## [WHAT THIS TASK INVOLVES]
No pictures belong in the copy. Retype exactly, and only, the stretch of lines below from the one with "So we will now" through the one with "As it drops".

** Opening RECORDS TO PROCESS block **

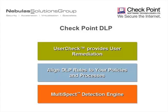Check Point DLP protects sensitive information that is sent over the three most commonly used communication protocols: SMTP for email, HTTP for web, and FTP for file sharing. This video demonstration will show you how easy it is to deploy and start using Check Point DLP to effectively protect sensitive information from being leaked.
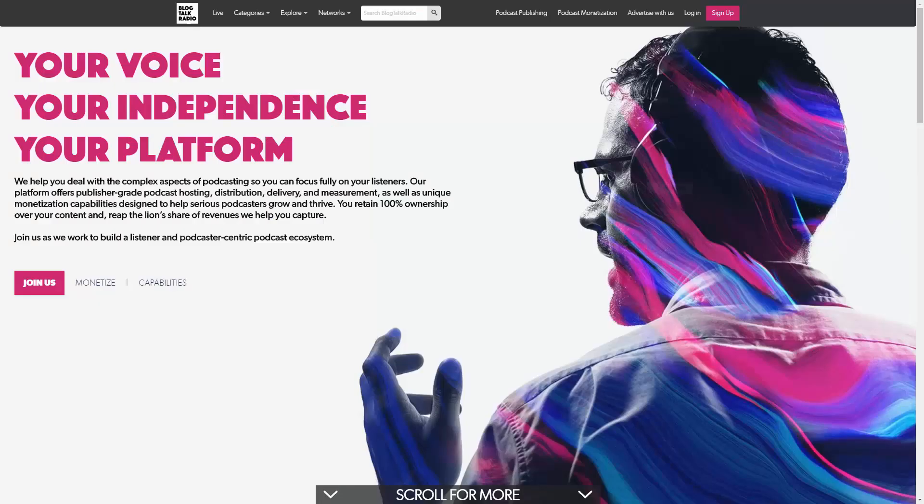So we will now get started with setting up your podcast and getting started with Blog Talk Radio, and in a very short period of time you can be podcasting and broadcasting audio. Thanks, and I will see you in another video.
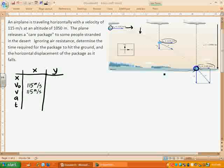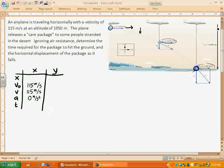As it drops it's speeding up, but that speeding up is all due to gravity, which is vertical. The acceleration in the x-direction is going to be zero — if velocity is not changing horizontally, it is not accelerating horizontally. We don't know the time yet; that's one of the things we're looking for. The displacement in the y-direction starts at altitude and ends at the ground, so since it's flying at 1050 meters, the vertical displacement is negative 1050 meters.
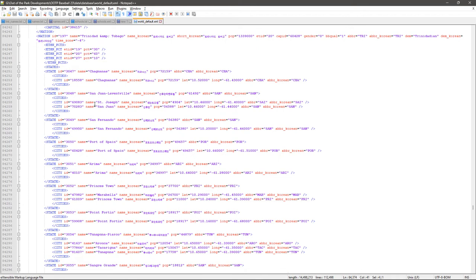To wrap up the file management side: back up the game files first, and also back up your custom files under a unique name — not 'world_default.xml' but something like 'my_world_default.xml'. When you patch the game it will reinstall the standard files, and if your file has the same name as the new patch file it will get overwritten and all your work is gone. Save the original file somewhere safe too, in case you need to revert.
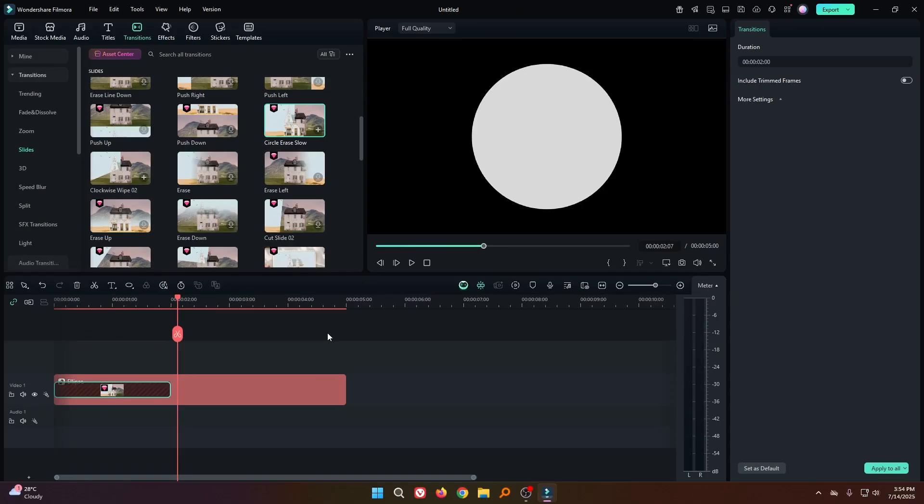If you want to increase or decrease the duration of this animation, just increase or decrease the transition duration.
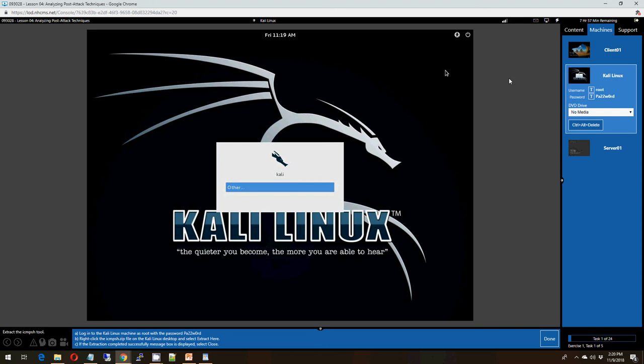Hello cybersecurity fans, and welcome to another demonstration of CompTIA Cybersecurity Analyst Plus Lab Activity. This is activity 4-1, which is assessing command and control techniques.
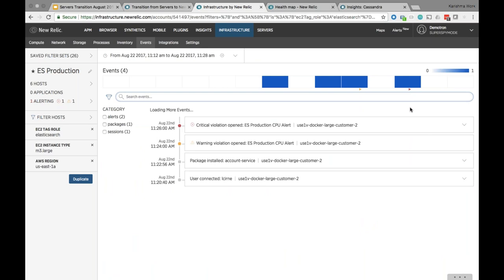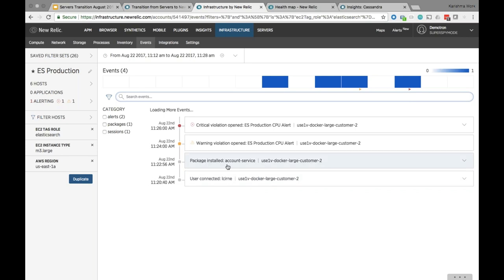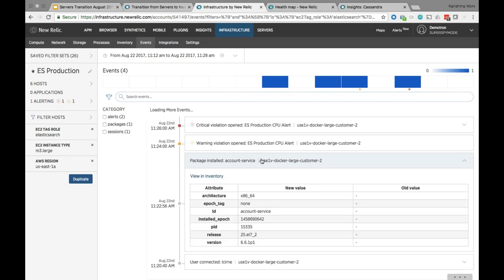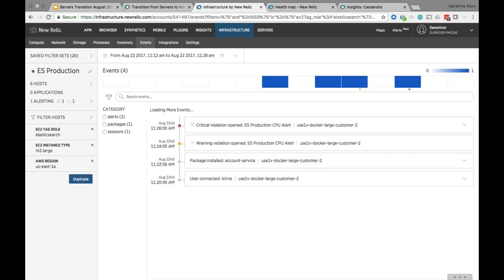Clicking on the events timeline brings me to the Events page — a new feature not available in Servers. We track any delta or change events across your hosts and display them as events in the UI for better context with your metrics. At 11:20 AM, a user named ElSorny connected to this host. At 11:22 AM, a package called AccountService was installed on that same host. You can expand an event to see the old and new values. This is what caused the alert condition — expanding from basic metrics to correlated events gives you faster MTTR and MTTD.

** Closing RECORDS TO PROCESS block **

## [RESPONSE TO THE EXERCISE]
So we will now get started with setting up your podcast and getting started with Blog Talk Radio, and in a very short period of time you can be podcasting and broadcasting audio. Thanks, and I will see you in another video.
As it drops it's speeding up, but that speeding up is all due to gravity, which is vertical. The acceleration in the x-direction is going to be zero — if velocity is not changing horizontally, it is not accelerating horizontally. We don't know the time yet; that's one of the things we're looking for. The displacement in the y-direction starts at altitude and ends at the ground, so since it's flying at 1050 meters, the vertical displacement is negative 1050 meters.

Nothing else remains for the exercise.